Thursday round-up

At Fortune, Jeff John Roberts reports on Justice Elena Kagan’s use of a link shortener in her dissent in the Fourth Amendment case Utah v. Strieff; he observes that, “in the bigger picture, any controversy over the Google link is just a tiny part of a larger record-keeping problem for the Supreme Court and other important institutions.” Commentary on the decision comes from David Fontana, who focuses on Justice Sonia Sotomayor’s dissent at PrawfsBlawg.  Janell Ross of The Washington Post suggests that, although Sotomayor’s “view wasn’t embraced by the court,” “it is something that broad swaths of Americans, and especially black and Hispanic Americans, agree with.”

Criticism of Sotomayor’s dissent comes from the editorial board of The Wall Street Journal, Theodore Kupfer at National Review, and John McGinnis at Library of Law and Liberty.  At The Weekly Standard, Ethan Epstein observed that Sotomayor’s opinion “was greeted with the rapture usually reserved for John Oliver videos,” while in a post at National Review’s Bench Memos, Howard Slugh criticizes an article on the dissent, arguing that it “distorts the majority opinion beyond recognition.” 

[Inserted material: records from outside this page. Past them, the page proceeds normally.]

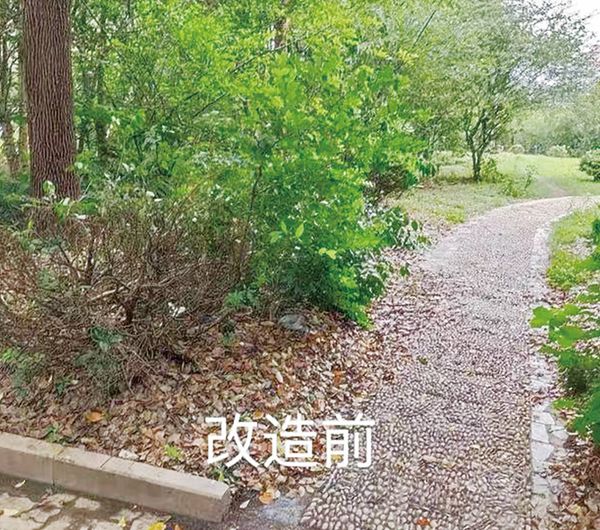 宝山区民心项目让居民“打钩”精准把脉居民需求！(图2)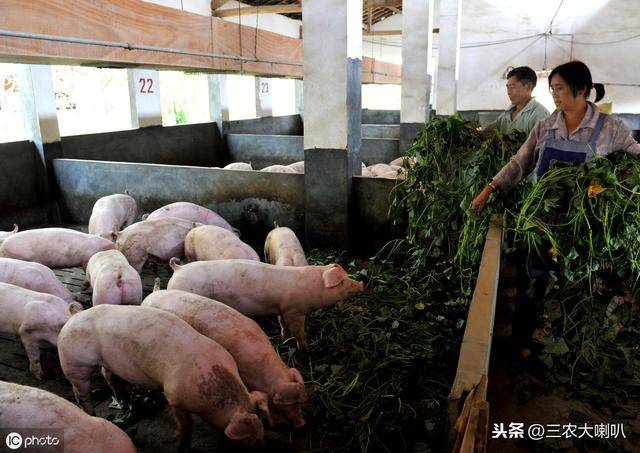 国家支持养猪政策密集出台!农民朋友,你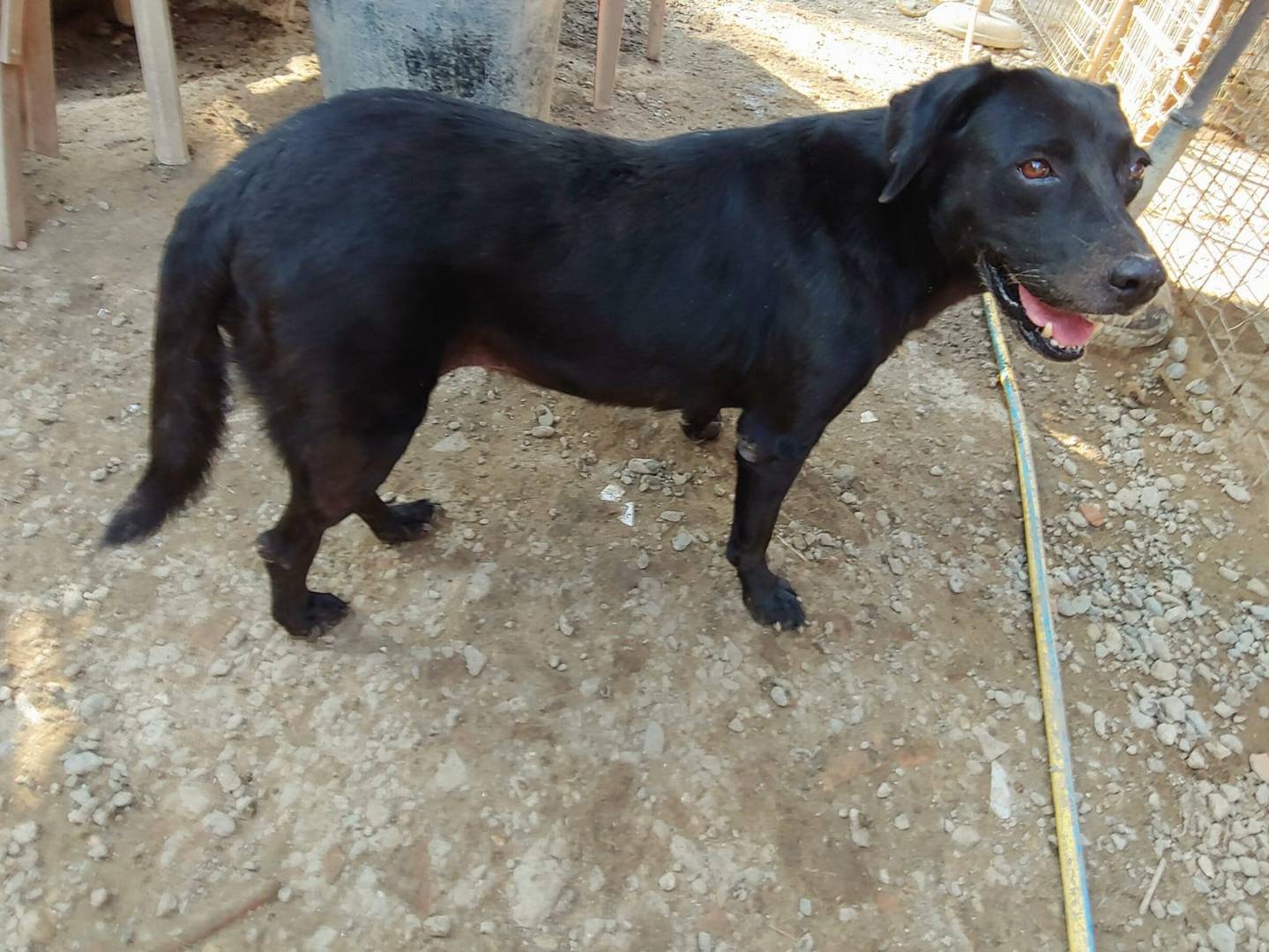 Adotta il cane Perla a Messina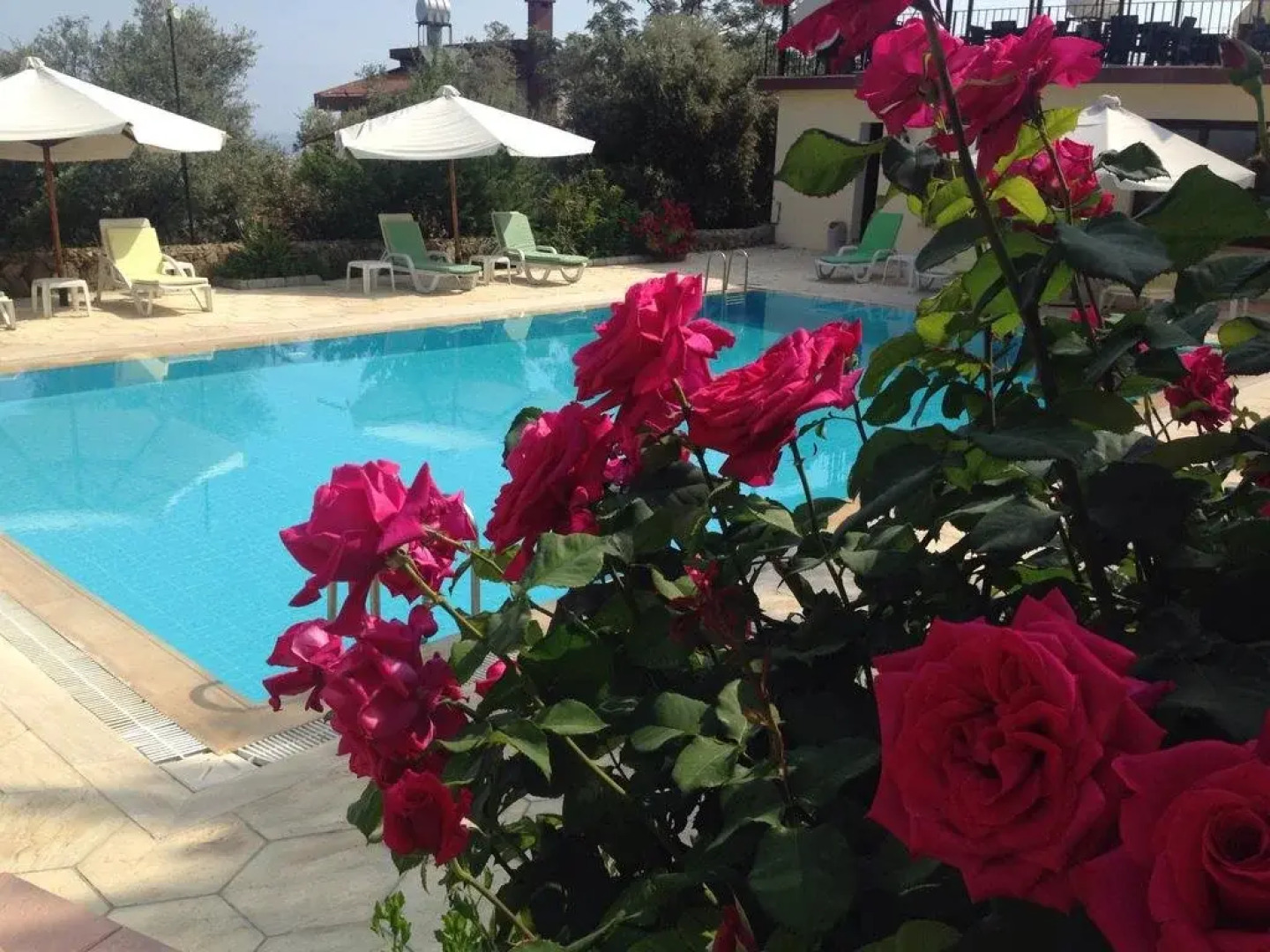 Five Fingers Holiday Bungalows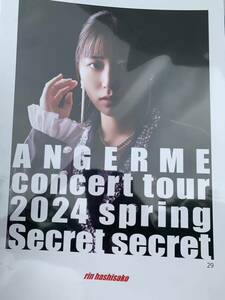 【橋迫鈴・29】コレクションピンナップポスター ピンポス Hello! Project アンジュルム concert tour 2024 spring　「Secret secret」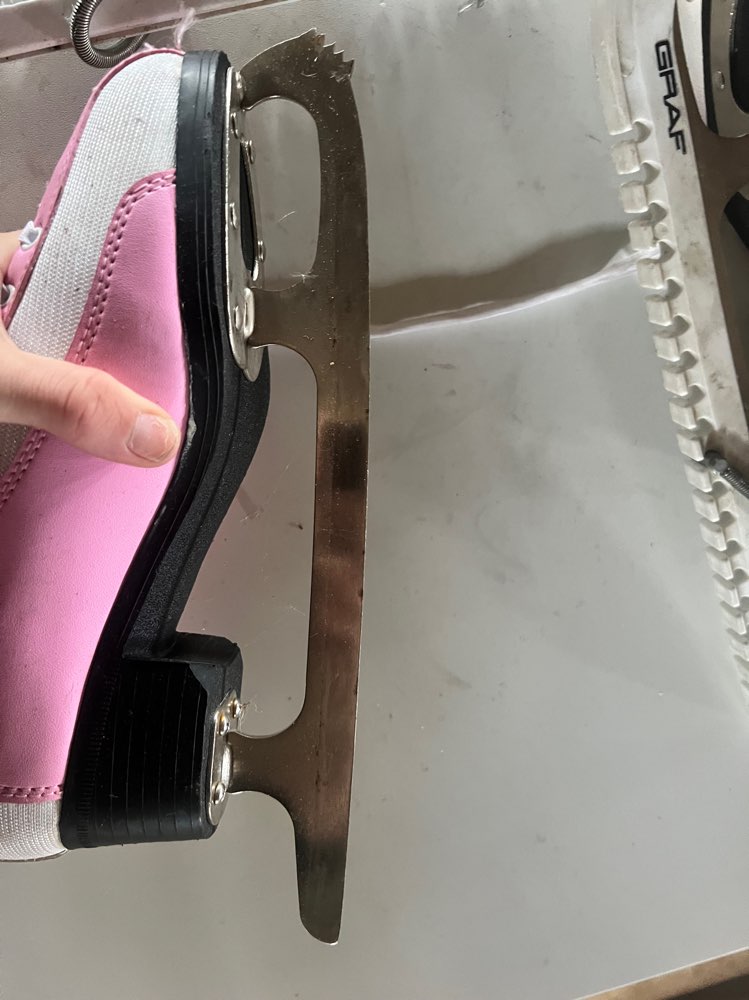 Vaaleenpunaset luistinet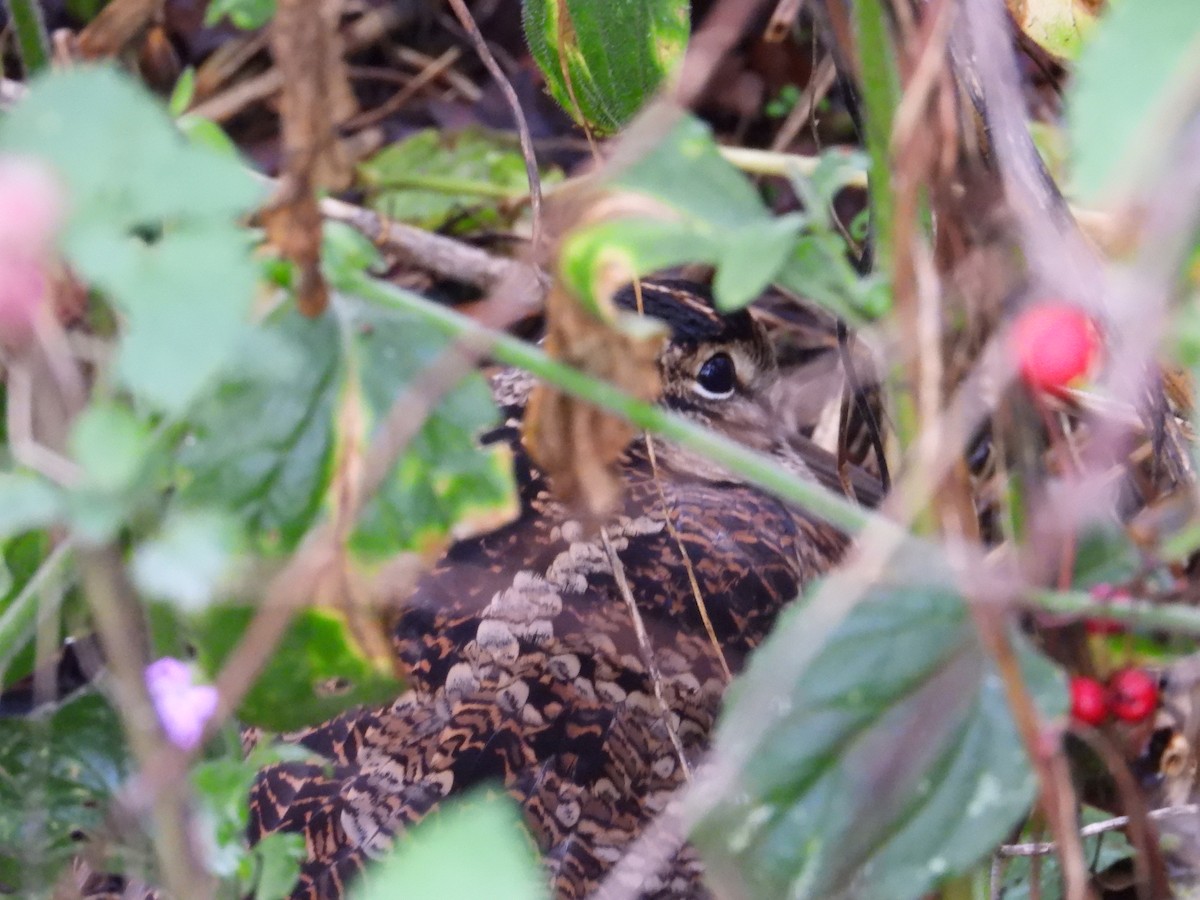 Eurasian Woodcock - ML644981682
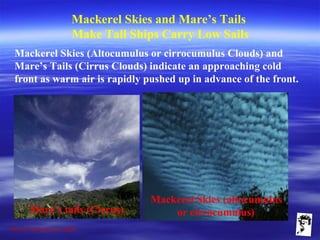 Grunt Productions 2009
Mackerel Skies and Mare’s Tails
Make Tall Ships Carry Low Sails
Mackerel Skies (Altocumulus or cirrocumulus Clouds) and
Mare’s Tails (Cirrus Clouds) indicate an approaching cold
front as warm air is rapidly pushed up in advance of the front.
Mare’s tails (Cirrus)
Mackerel Skies (altocumulus
or cirrocumulus)
 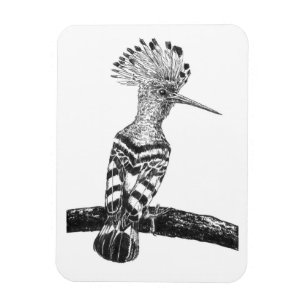 Hoopoe drawing magnet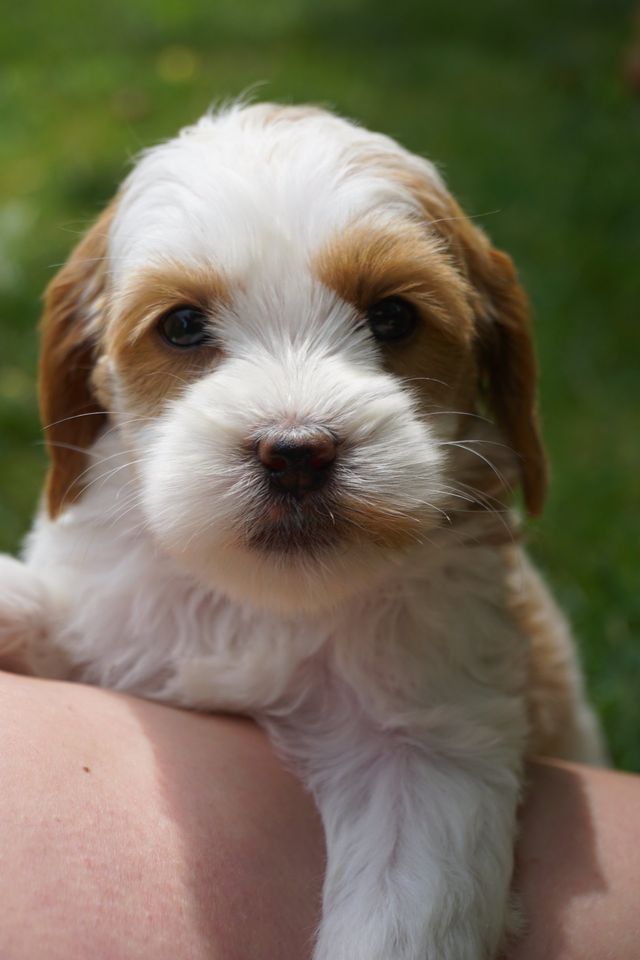 Callie and Jaime Frasier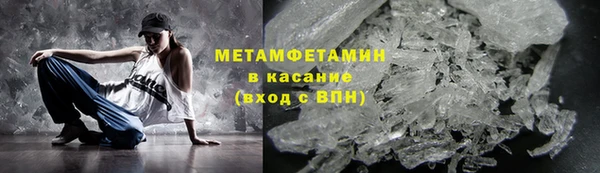 прущие грибы Богданович
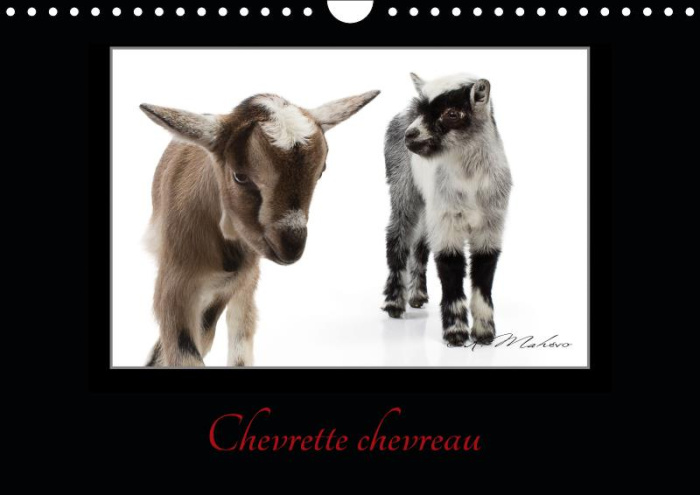 CHEVRETTE CHEVREAU (CALENDRIER MURAL 2019 DIN A4 HORIZONTAL) - LA CHEVRE UN ETRE INTELLIGENT ET CURI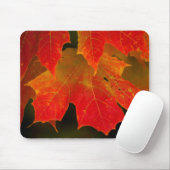 Itasca Staat Park, Herbstfarben 2 Mousepad (Mit Mouse)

NFIB weighs in on Monday’s decision in Encino Motorcars v. Navarro, arguing that the ruling “only amounts to a modest check on arbitrary reversals. But a modest check is better than no check at all.” And at The George Washington Law Review’s On the Docket, Alan Morrison contends that, “given the lack of clarity in the law and the fact that there are auto dealerships in every state, the likelihood of inter-circuit conflict make it almost inevitable that the issue will be back, bringing with several more years of uncertainty on the part of everyone.”